3.3 S’agissant d’une interdiction de pénétrer dans un certain territoire concernant en particulier un ressortissant d'un État partie à l'ALCP, il faut que la personne concernée représente une menace d'une certaine gravité pour l'ordre et la sécurité publics de nature à la priver de son droit de demeurer en Suisse au sens de l'art. 5 Annexe I de l’ALCP (ATF 139 II 121 5.4 et les références citées). Ainsi, le recours par une autorité nationale à la notion d'« ordre public » pour restreindre cette liberté suppose, en dehors du trouble de l'ordre social que constitue toute infraction à la loi, l'existence d'une menace réelle et d'une certaine gravité affectant un intérêt fondamental de la société. La seule existence d'antécédents pénaux ne permet donc pas de conclure (automatiquement) que l'étranger constitue une menace suffisamment grave pour l'ordre et la sécurité publics. Il faut procéder à une appréciation spécifique du cas, portée sous l'angle des intérêts inhérents à la sauvegarde de l'ordre public, qui ne coïncide pas obligatoirement avec les appréciations à l'origine des condamnations pénales. Autrement dit, ces dernières ne sont déterminantes que si les circonstances les entourant laissent apparaître l'existence d'une menace actuelle et réelle et d'une certaine gravité pour l'ordre public (ATF 139 II 121 consid. 5.3 ; 136 II 5 consid. 4.2 ; 134 II 10 consid. 4.3).

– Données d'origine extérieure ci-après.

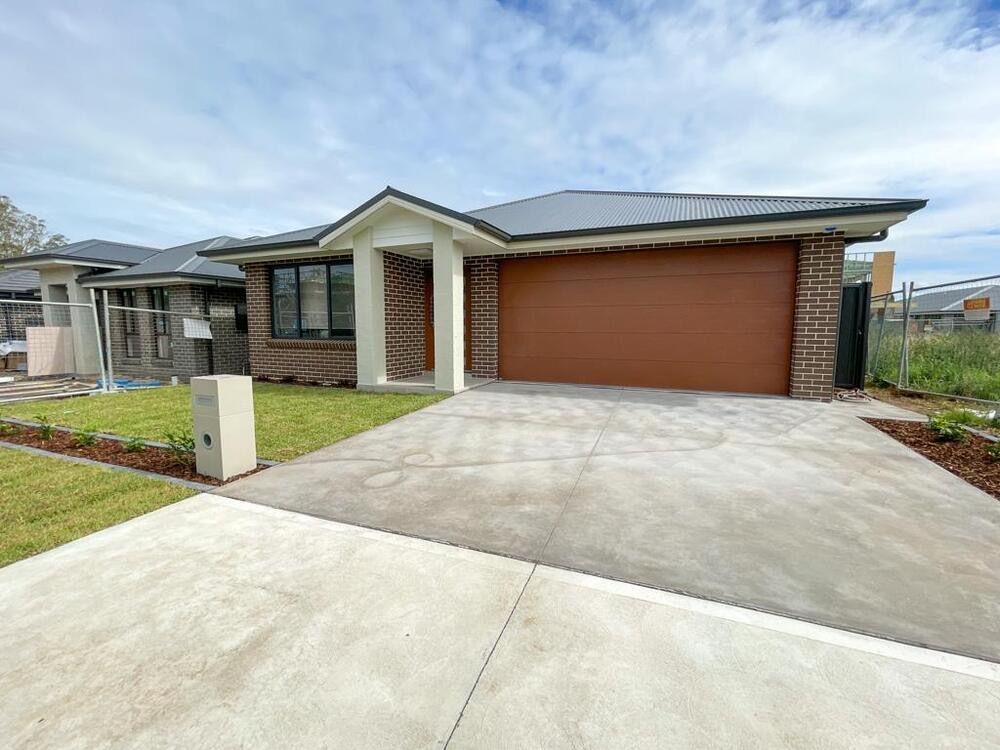 42 Heffernan Street, Catherine Field, NSW 2557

3.4 Aux termes de l'art. 74 al. 1 let. a LEI, l'autorité cantonale compétente peut enjoindre à un étranger de ne pas pénétrer dans une région déterminée notamment lorsque l’étranger n’est pas titulaire d’une autorisation de courte durée, d’une autorisation de séjour ou d’une autorisation d’établissement et trouble ou menace la sécurité et l’ordre publics.
3.5 L'art. 6 al. 3 LaLEtr prévoit que l'étranger peut être contraint à ne pas pénétrer dans une région déterminée, aux conditions prévues à l'art. 74 LEI, notamment à la suite d’une condamnation pour vol, brigandage, lésions corporelles intentionnelles, dommages à la propriété ou pour une infraction à la loi fédérale sur les stupéfiants et les substances psychotropes du 3 octobre 1951 (LStup - RS 812.121).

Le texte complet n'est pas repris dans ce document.